Martin has delivered training on money laundering for the Bar Council; devised materials for a training program for the judiciary on restraint and receivership under the Proceeds of Crime Act 2002 and contributed to a SOCA program for expert witnesses in Money Laundering cases. He has provided training to the Metropolitan Police on investigative powers. He has given evidence on behalf of the Criminal Bar Association and Bar Council before the Home Affairs Committee on Proceeds of Crime legislation. He regularly lectures on asset recovery and related topics both in the UK and abroad.

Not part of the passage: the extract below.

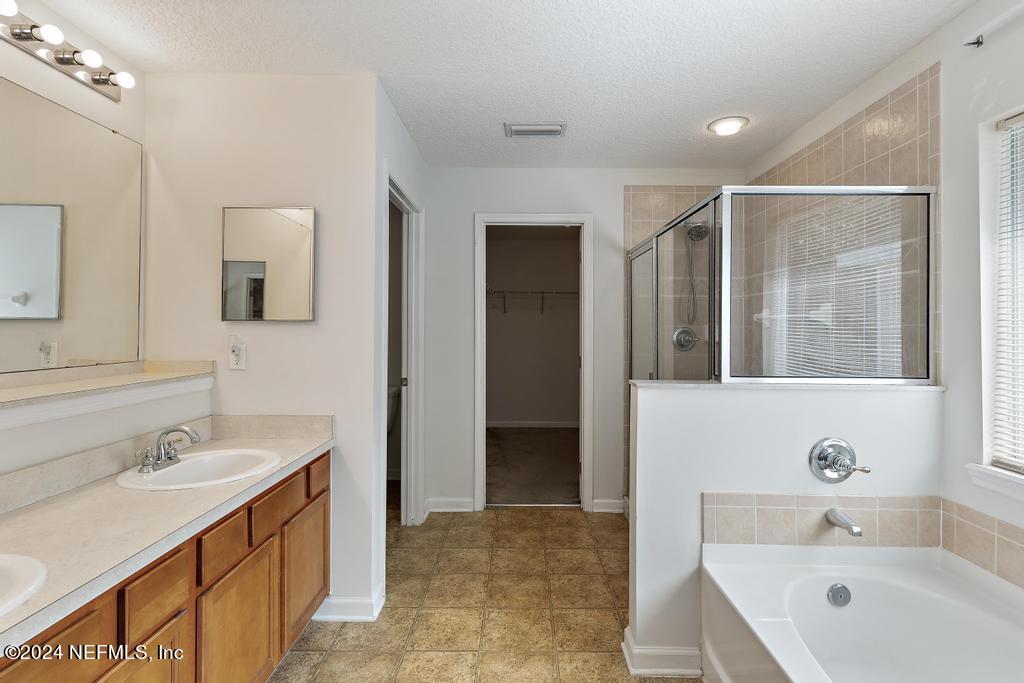 5902 ROUND TABLE Road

Appointed Queen’s Counsel 2017.
- Regina v Yaxley-Lennon  4 W.L.R. 83: Where leave to appeal against a confiscation order that had been agreed (as to benefit) was refused by the single judge and there was a substantial (unexplained) delay before seeking to renew the application, the CACD refused leave to appeal. The fact that the amount of the defendant's benefit had expressly been agreed was a very important factor when considering whether to grant an extension of time for seeking leave to appeal; substantial injustice was not to be calculated simply by reference to the amount of money at stake from the point of view of the defendant but by reference to all the circumstances of the particular case. Ordinarily a good reason will be required for the grant of a lengthy extension of time
- R (River East Supplies Ltd) v Crown Court at Nottingham  2 Cr. App. R. 27;  4 W.L.R. 135: The police obtained a production order pursuant to a request for mutual assistance. RE claimed that the order sought violated the common law privilege against self-incrimination. Held: the Strasbourg jurisprudence drew a clear distinction between material that was, and was not, “independent”, and the common law privilege against self-incrimination did not extend to material that was “independent” within the meaning of such jurisprudence. Claim dismissed. Instructed by Head of East Midlands Police Legal Services
R v Harvey  AC 105,  2 WLR 37,  1 Cr. App. R. (S.) 60, Supreme Court: Although as a matter of ordinary domestic statutory construction, in deciding the benefit obtained within s.76(4), the VAT paid or accounted for to HMRC was not to be deducted, when making a confiscation order the court should ignore the total amount of VAT for which the offender had accounted to HMRC. To include such VAT in a confiscation order would be disproportionate and a breach of ECHR Protocol 1 art.1. Instructed by CPS
R (Rahman) v Local Government Election Court  EWHC 1413: An Election Court finding that Lutfur Rahman (formerly Mayor of Tower Hamlets) was "personally guilty" of electoral offences under the Representation of the People Act 1983 did not violate the presumption of innocence in ECHR art.6(2) where he was unable to establish that there were any parallel criminal proceedings at the time of the decision. Instructed by CPS
A v DPP  1 W.L.R. 713;  1 Cr. App. R. 6: In what is the first time it considered Criminal Justice and Data Protection (Protocol No. 36) Regulations 2014 issues, the Court of Appeal ruled that that a challenge to the substantive reasons for the making of an overseas restraint order may be made only in the courts of the issuing state. Instructed by CPS
Barnes v Eastenders  A.C. 1;  2 W.L.R. 1269;  UKSC 26: CPS ordered to pay the remuneration and expenses of a receiver appointed following the discharge of a PoCA restraint and receivership order based upon the principle of ‘unjust enrichment’ where to allow E's assets to be taken to pay for B's costs and remuneration would not strike a fair balance between the general interest of the community and the requirements of the protection of E's right to peaceful enjoyment of their possessions and so would be disproportionate. However, to refuse B's application would replace one injustice with another. As there had been a total failure of consideration in relation to B's rights over E's assets, which was fundamental to the basis on which he had agreed to act. B was entitled to recover his proper remuneration and expenses from the CPS because the work done and expenses incurred were at the CPS's request. Instructed by Peters and Peters on behalf of the Receiver.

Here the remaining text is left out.